Alvares, D., Haneuse, S., Lee, C., Lee, K. H. (2019),
SemiCompRisks: An R package for the analysis of independent and cluster-correlated semi-competing risks data, The R Journal, 11, 1, 376-400.
See Also
initiate.startValues_AFT
, print.Bayes_AFT
, summary.Bayes_AFT
, predict.Bayes_AFT
Examples
## Not run:
# loading a data set
data(scrData)
scrData$y1L <- scrData$y1U <- scrData[,1]
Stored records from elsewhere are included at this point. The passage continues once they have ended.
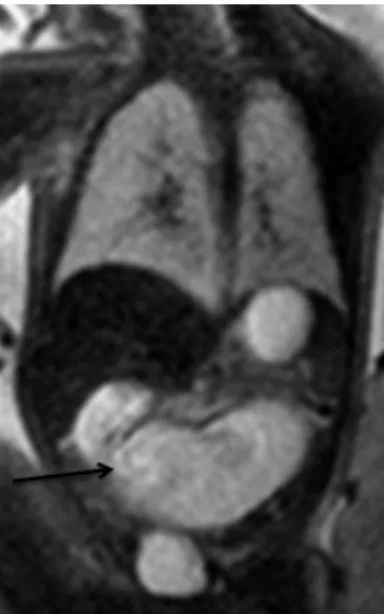 Fig. 14. Fetus at 37 weeks of gestation with jejunal atresia. Coronal T 2 WI shows dilated bowel loops with high intensity (arrow).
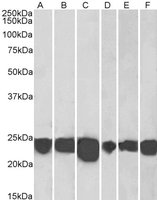 EB05880-T 2
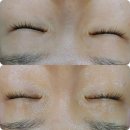 유스라벨라샵 | 대구피부관리 달서구피부관리샵 <유스라벨라샵> 대구신부관리 추천해요:)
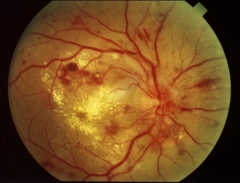 Retinopata hipertensiva (examen de fondo de ojo)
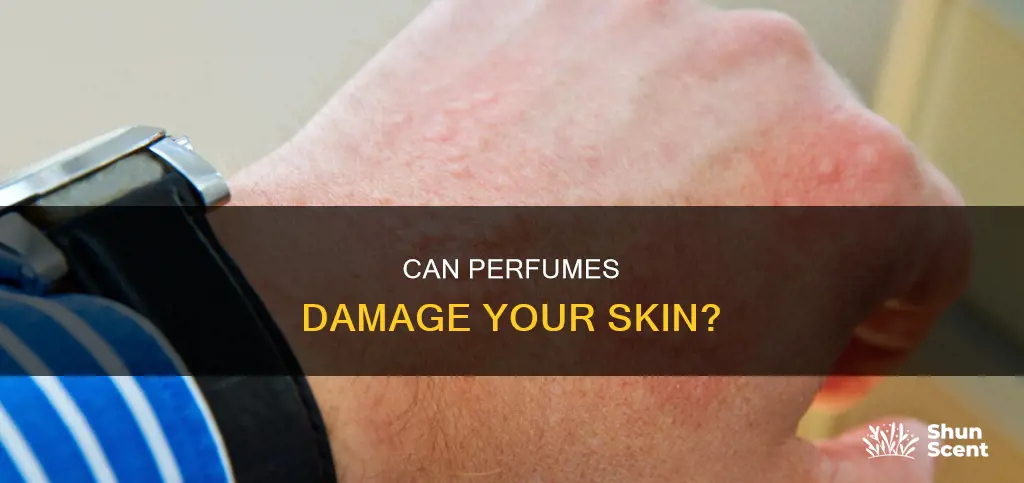 does perfume damage skin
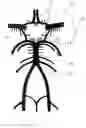 Fig. 19 - Neuro thrombectomy catheter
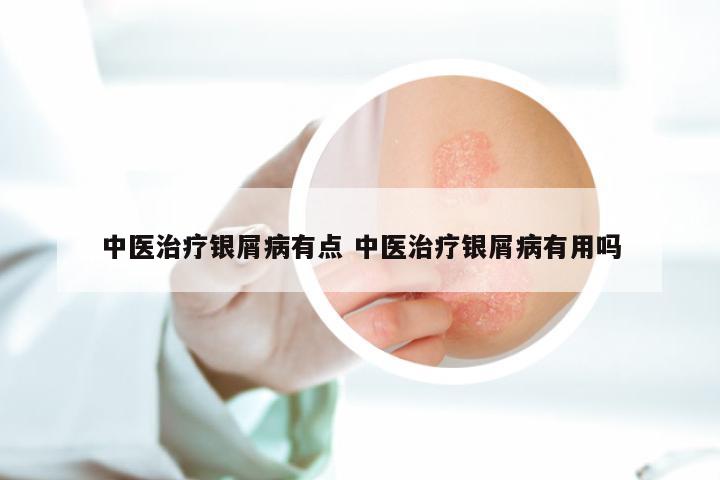 中医治疗银屑病有点 中医治疗银屑病有用吗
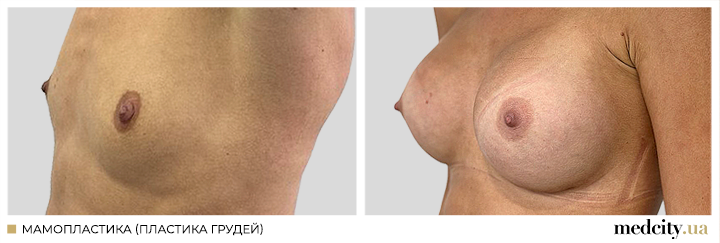 Мамопластика6.png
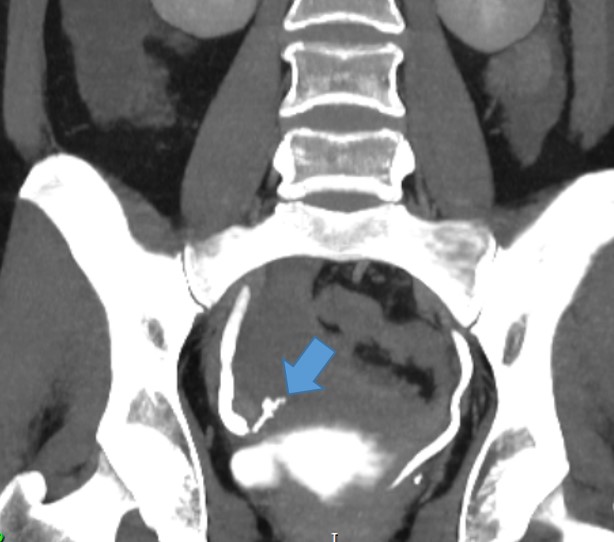 Lesão ureteral distal durante histerectomia. Achados da tomografia computadorizada.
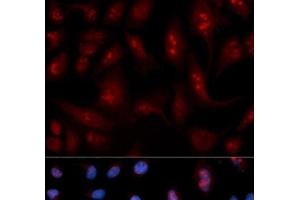 Immunofluorescence analysis of U2OS cells using PLCB1 Polyclonal Antibody (Phospholipase C beta 1 antibody)
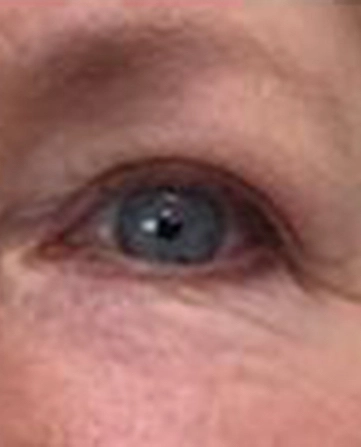 before and after filler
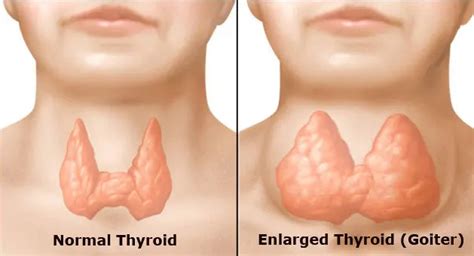 Nontoxic Multinodular Goiter Biocertica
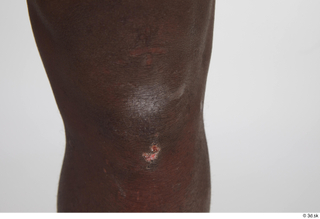 Kato Abimbo knee scar 0001.jpg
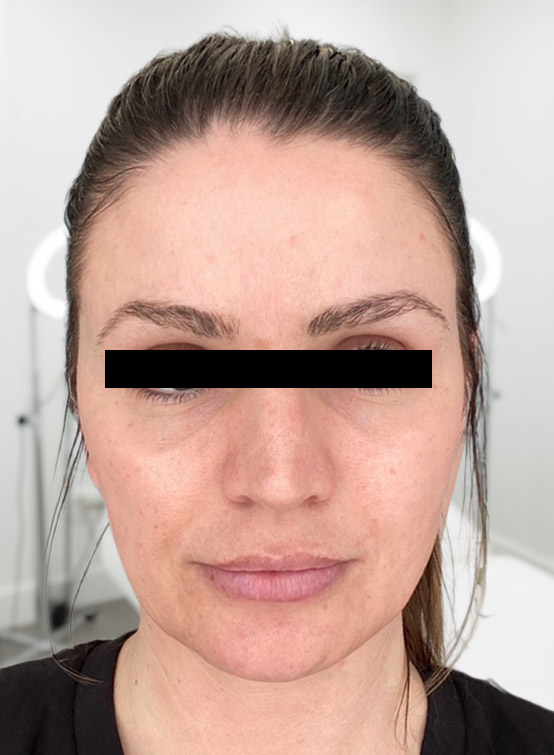 Avant PRP visage complet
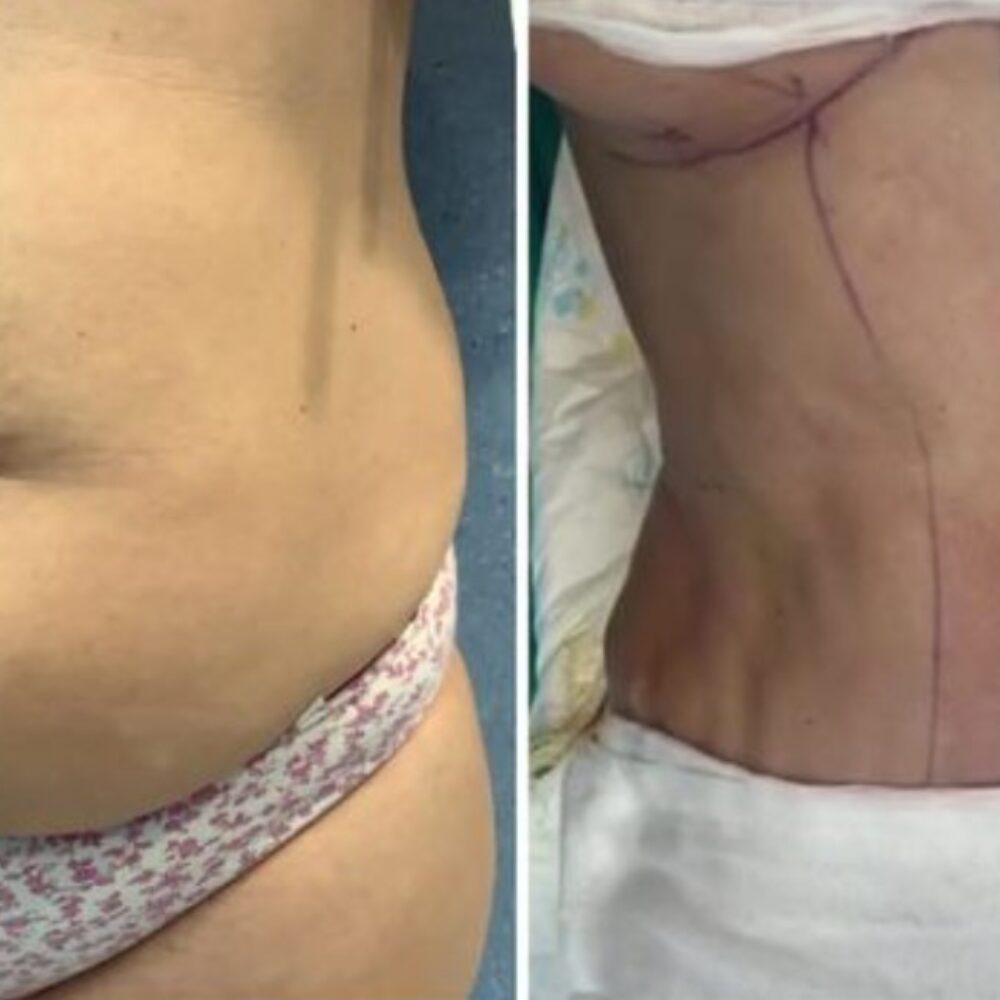 Pourquoi ne pas négliger les soins post-opératoires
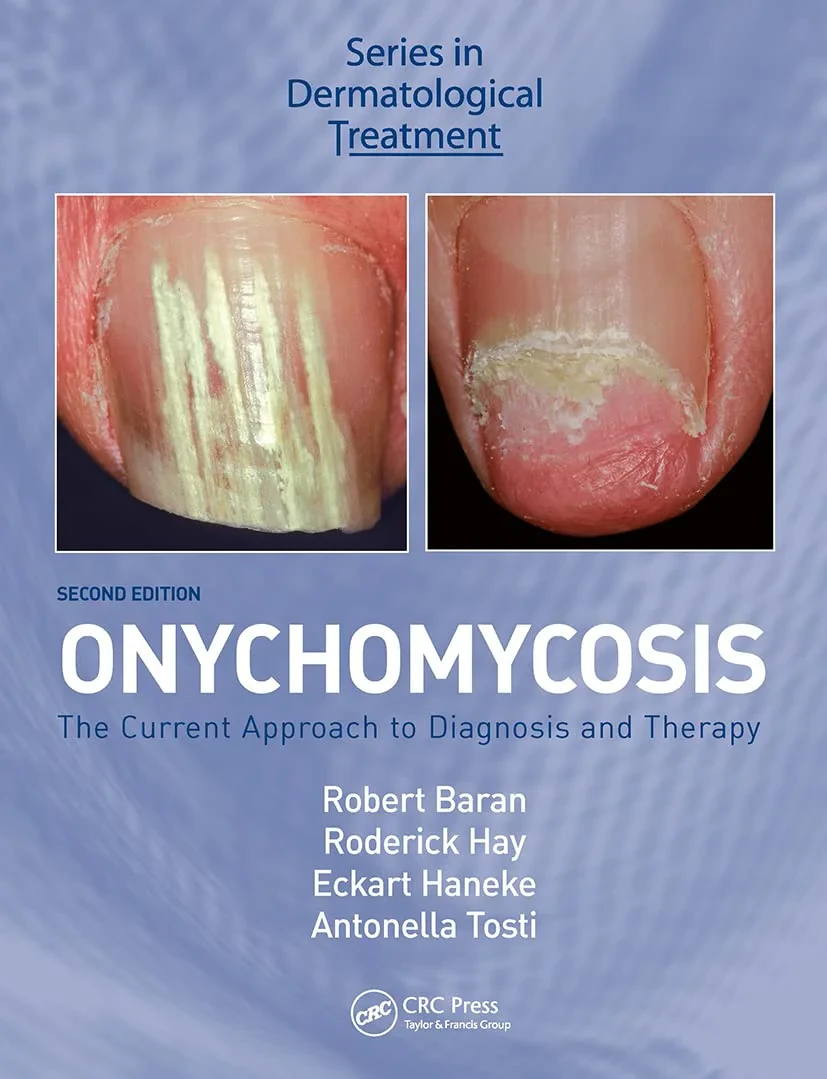 Coperta cărții "Onychomycosis: The Current Approach to Diagnosis and Therapy" de autor necunoscut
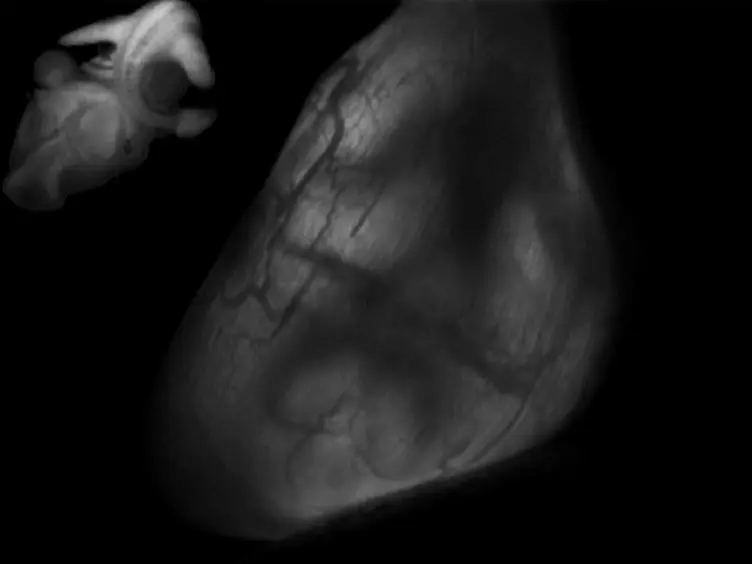 Gene Transfer to the Developing Mouse Inner Ear by <em>In Vivo</em> Electroporation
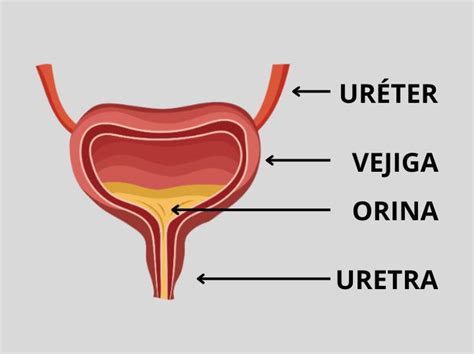 Esquema anatómico mostrando la diferencia entre la vejiga y la vagina para identificar el origen de la infección.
scrData$y1U[which(scrData[,2] == 0)] <- Inf
scrData$y2L <- scrData$y2U <- scrData[,3]
scrData$y2U[which(scrData[,4] == 0)] <- Inf
scrData$LT <- rep(0, dim(scrData)[1])
form <- Formula(LT | y1L + y1U | y2L + y2U ~ x1 + x2 + x3 | x1 + x2 | x1 + x2)
#####################
## Hyperparameters ##
#####################
## Subject-specific random effects variance component
##
theta.ab <- c(0.5, 0.05)
## log-Normal model
##
LN.ab1 <- c(0.3, 0.3)
LN.ab2 <- c(0.3, 0.3)
LN.ab3 <- c(0.3, 0.3)
## DPM model
##
DPM.mu1 <- log(12)
DPM.mu2 <- log(12)
DPM.mu3 <- log(12)
DPM.sigSq1 <- 100
DPM.sigSq2 <- 100
DPM.sigSq3 <- 100
DPM.ab1 <- c(2, 1)
DPM.ab2 <- c(2, 1)
DPM.ab3 <- c(2, 1)
Tau.ab1 <- c(1.5, 0.0125)
Tau.ab2 <- c(1.5, 0.0125)
Tau.ab3 <- c(1.5, 0.0125)
##
hyperParams <- list(theta=theta.ab,
LN=list(LN.ab1=LN.ab1, LN.ab2=LN.ab2, LN.ab3=LN.ab3),
DPM=list(DPM.mu1=DPM.mu1, DPM.mu2=DPM.mu2, DPM.mu3=DPM.mu3, DPM.sigSq1=DPM.sigSq1,
DPM.sigSq2=DPM.sigSq2, DPM.sigSq3=DPM.sigSq3, DPM.ab1=DPM.ab1, DPM.ab2=DPM.ab2,
DPM.ab3=DPM.ab3, Tau.ab1=Tau.ab1, Tau.ab2=Tau.ab2, Tau.ab3=Tau.ab3))
###################
## MCMC SETTINGS ##
###################
## Setting for the overall run
##
numReps <- 300
thin <- 3
burninPerc <- 0.5
## Setting for storage
##
nGam_save <- 10
nY1_save <- 10
nY2_save <- 10
nY1.NA_save <- 10
## Tuning parameters for specific updates
##
## - those common to all models
betag.prop.var <- c(0.01,0.01,0.01)
mug.prop.var <- c(0.1,0.1,0.1)
zetag.prop.var <- c(0.1,0.1,0.1)
gamma.prop.var <- 0.01
##
mcmcParams <- list(run=list(numReps=numReps, thin=thin, burninPerc=burninPerc),
storage=list(nGam_save=nGam_save, nY1_save=nY1_save, nY2_save=nY2_save, nY1.NA_save=nY1.NA_save),
tuning=list(betag.prop.var=betag.prop.var, mug.prop.var=mug.prop.var,
zetag.prop.var=zetag.prop.var, gamma.prop.var=gamma.prop.var))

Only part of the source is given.